Going down the listing below, print exactly each line from the one with "トヨタ ヴェルファイア ゴールデンアイズⅡ" up to and including the one with "നിർബന്ധിച്ച് മൊട്ടയടിപ്പിച്ചു ജാതി", and skip the rest.

> _Entries provided_:
--*--
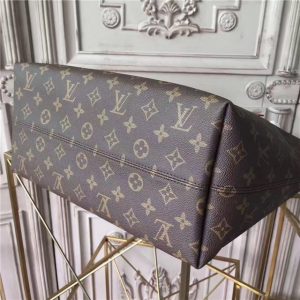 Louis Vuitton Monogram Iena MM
--*--
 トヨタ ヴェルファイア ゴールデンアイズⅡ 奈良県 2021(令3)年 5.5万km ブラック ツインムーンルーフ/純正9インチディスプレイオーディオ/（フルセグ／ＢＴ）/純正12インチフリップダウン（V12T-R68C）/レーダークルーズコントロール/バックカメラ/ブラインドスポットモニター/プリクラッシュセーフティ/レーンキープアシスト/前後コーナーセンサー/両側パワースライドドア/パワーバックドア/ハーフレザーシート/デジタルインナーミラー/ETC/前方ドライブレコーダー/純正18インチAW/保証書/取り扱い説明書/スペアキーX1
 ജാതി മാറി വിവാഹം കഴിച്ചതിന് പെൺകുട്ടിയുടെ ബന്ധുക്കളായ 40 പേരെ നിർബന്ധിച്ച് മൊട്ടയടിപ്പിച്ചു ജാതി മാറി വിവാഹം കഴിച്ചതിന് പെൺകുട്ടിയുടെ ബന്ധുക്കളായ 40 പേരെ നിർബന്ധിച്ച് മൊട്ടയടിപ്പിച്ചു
--*--
> _Result for this exercise_:
 トヨタ ヴェルファイア ゴールデンアイズⅡ 奈良県 2021(令3)年 5.5万km ブラック ツインムーンルーフ/純正9インチディスプレイオーディオ/（フルセグ／ＢＴ）/純正12インチフリップダウン（V12T-R68C）/レーダークルーズコントロール/バックカメラ/ブラインドスポットモニター/プリクラッシュセーフティ/レーンキープアシスト/前後コーナーセンサー/両側パワースライドドア/パワーバックドア/ハーフレザーシート/デジタルインナーミラー/ETC/前方ドライブレコーダー/純正18インチAW/保証書/取り扱い説明書/スペアキーX1
 ജാതി മാറി വിവാഹം കഴിച്ചതിന് പെൺകുട്ടിയുടെ ബന്ധുക്കളായ 40 പേരെ നിർബന്ധിച്ച് മൊട്ടയടിപ്പിച്ചു ജാതി മാറി വിവാഹം കഴിച്ചതിന് പെൺകുട്ടിയുടെ ബന്ധുക്കളായ 40 പേരെ നിർബന്ധിച്ച് മൊട്ടയടിപ്പിച്ചു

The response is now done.